### Extracted data ###

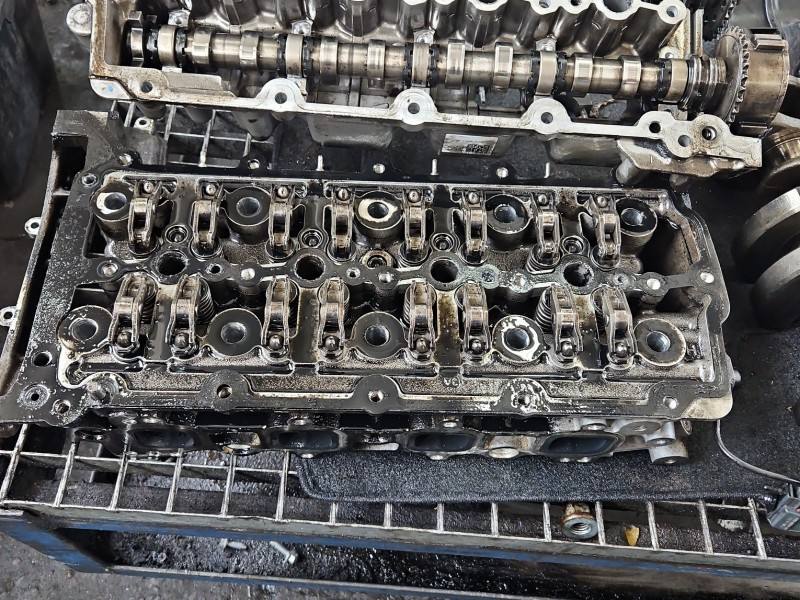 ГБЦ Головка блоку Land Rover Discovery G4D3-6J011-BB — фото деталі 6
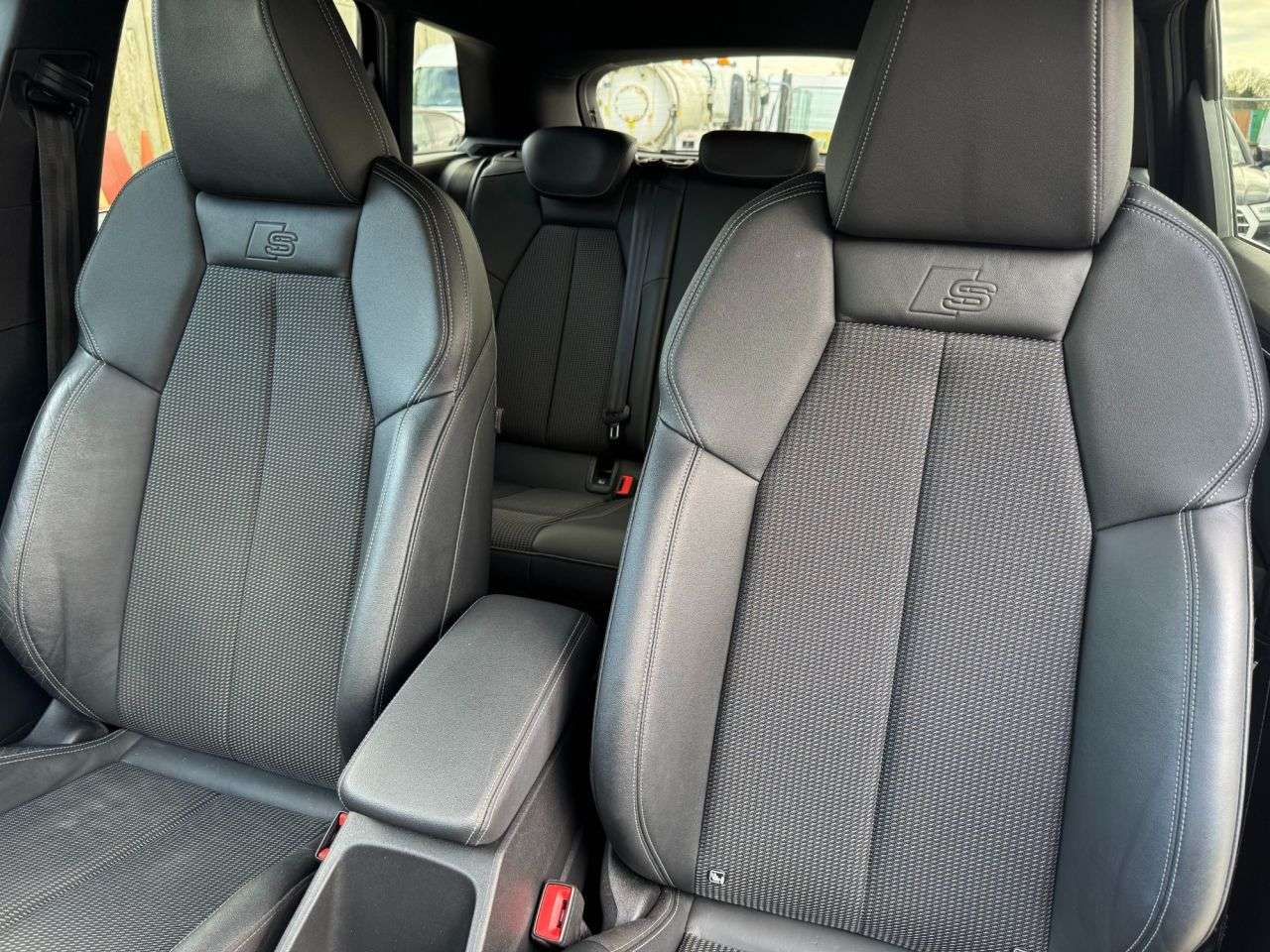 2022 AUDI Q4 E-TRON 2022 AUDI Q4 E-TRON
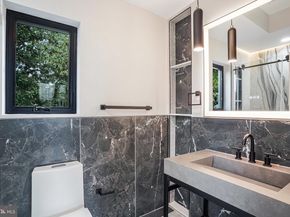 3500 7TH Street N, Arlington VA 22201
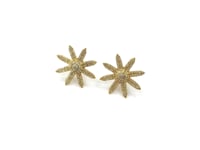 Flower 14k Solid Gold Diamond Earring.14k Solid Gold Diamond Earring..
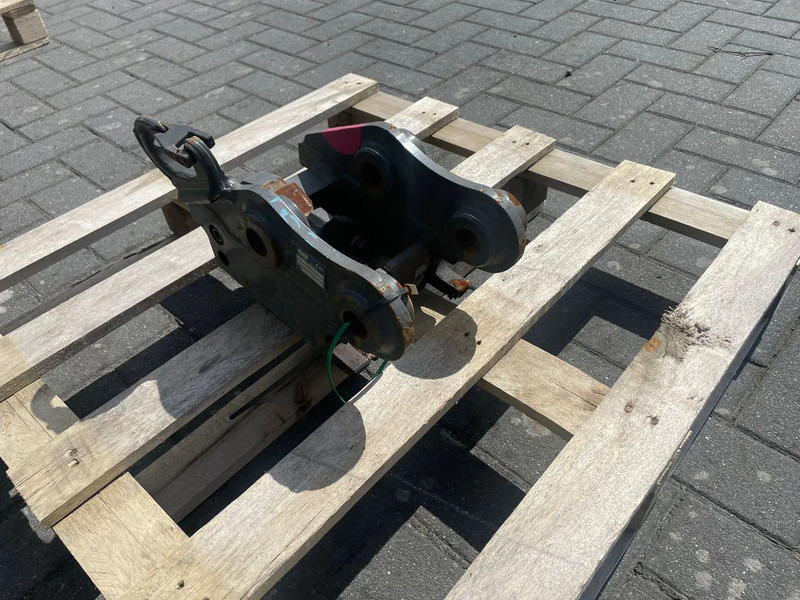 Cizalla de demolición para Maquinaria de construcción SMP S30 | HALF-AUTO QUICK COUPLER | SNELWISSEL | VOLVO EC18: foto 8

###

Give the data above again exactly. Leave the pictures out.

# [Completed task]
 ГБЦ Головка блоку Land Rover Discovery G4D3-6J011-BB — фото деталі 6
 2022 AUDI Q4 E-TRON 2022 AUDI Q4 E-TRON
 3500 7TH Street N, Arlington VA 22201
 Flower 14k Solid Gold Diamond Earring.14k Solid Gold Diamond Earring..
 Cizalla de demolición para Maquinaria de construcción SMP S30 | HALF-AUTO QUICK COUPLER | SNELWISSEL | VOLVO EC18: foto 8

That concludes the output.